For sensitivity issues, I was imaging that a client would optimize sensitivity by scaling their inputs to "fit snuggly" in the 16 bit bit domain, since it seemed like enough bits to express a reasonably large range of values. For clients with e.g. inputs in the smaller range [0, 1023] they would just multiply the input by 64 on the client, and then scale down aggregates later on, and vice versa for clients with input larger than 2^16.

Conceptually, I imagined the input as a real number in the range [0, 1]. The 16 bit integer is just an approximation of that concept which works well with MPC schemes.

This avoided us needing to offer another configuration knob, and the helpers could just deal with all inputs having a fixed sensitivity.

Your points about the range queries make sense to me. I have a quick question: would you be OK with range proofs where the range is non-dynamic based on conversion data? e.g. you could verify the range is in the range of 16 bits, but nothing more specific?

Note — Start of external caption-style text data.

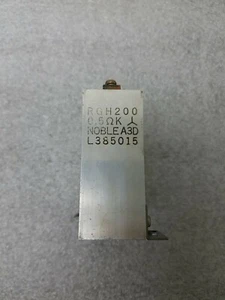 RGH200 0.5 Ohm K Noble A3D L385015 Resistor - Picture 1 of 3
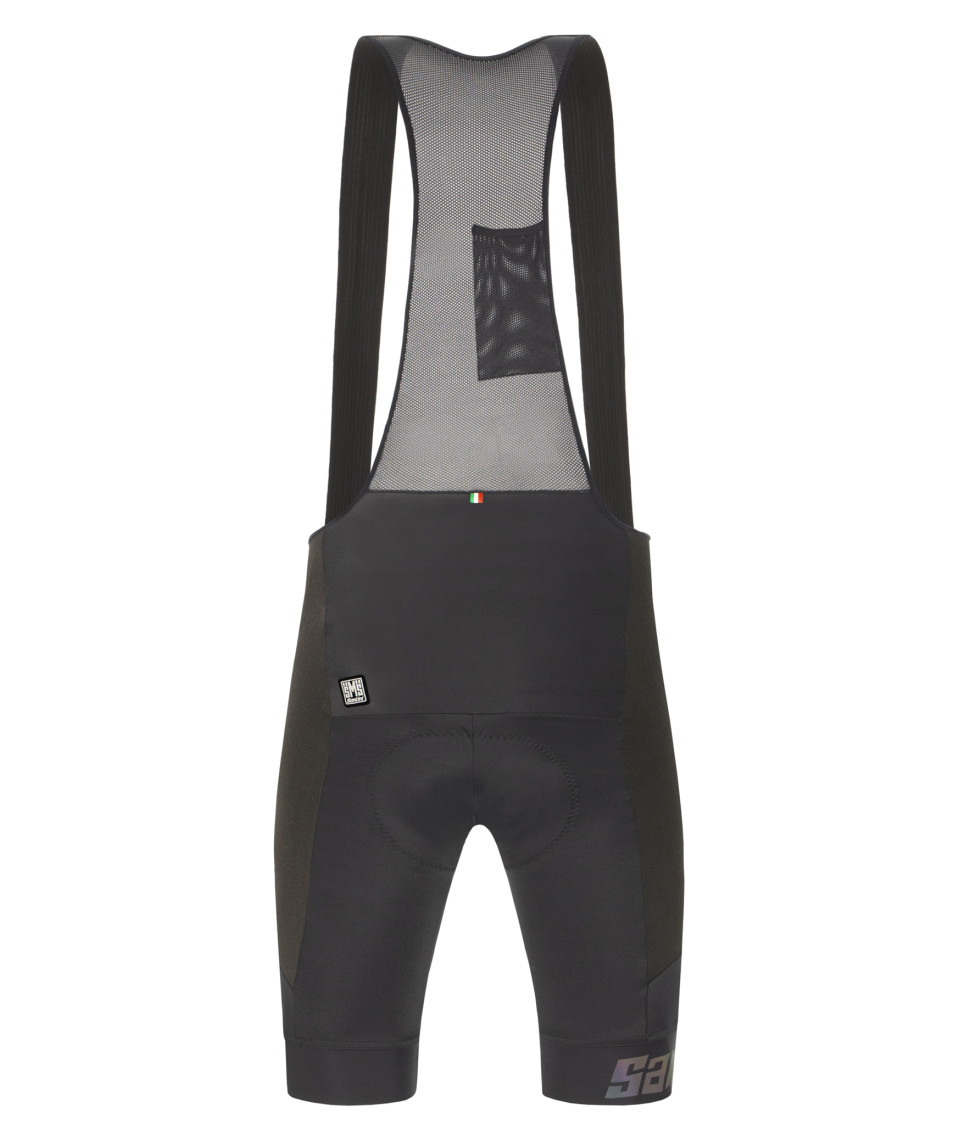 Santini Impact black - kraťasy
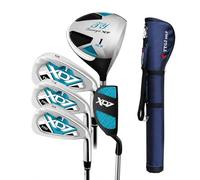 KESOTO Hombres Club de Golf Entrenamiento Madera Palo Hierro Grip Manufacturado en Aleación Metálica y Plástico Adecuado para Formación Básica Entrenamiento Personal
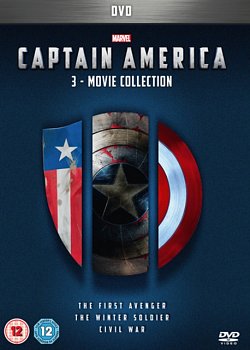 Captain America: 3-movie Collection 2016 DVD / Box Set - MangaShop.ro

I worry adding functionality beyond that may have adverse privacy properties.

henrycg commented 4 years ago

[Whoops... I posted that last comment before I finished writing it. Here is the full thing.]

Hi Andrew and Charlie, I have been working with the folks at Mozilla on their pilot private-aggregation system and I'm also one of the authors on the Prio paper.

Data-poisoning attacks are a concern in Mozilla's deployment as well, so we have spent some time thinking through the different potential defenses against these attacks. It's definitely possible to use traditional zero-knowledge range proofs or two-party computation to sanitize the secret-shared data before operating on it. However, both of these techniques generally require many heavy public-key cryptographic operations either on the client side, the server side, or both.

Prio's approach ("zero-knowledge proofs on secret-shared data") ends up being much lighter-weight, since it doesn't require any extra public-key cryptographic operations on either the client or the server. As far as I know, in most settings in which there are multiple parties holding secret shares of the data—as here—Prio-style techniques for preventing data-poisoning attacks strictly dominate the other approaches, in terms of communication and computational cost.

We also considered randomized checking to detect these poisoning attacks: you could imagine partitioning the data into k buckets, computing a statistic over each bucket, and then outputting the median of the k statistics. Unfortunately, as Andrew points out, an attacker who can control a few clients (around k) can still completely poison the output. In addition, these approaches tend to reveal extra information (k statistics instead of one), so there are negative implications for privacy as well.

csharrison commented 1 year ago

Closing this old issue as we no longer support an MPC-based backend so these kinds of poisoning attacks are less dangerous. We'll re-open if we ever introduce an MPC backend.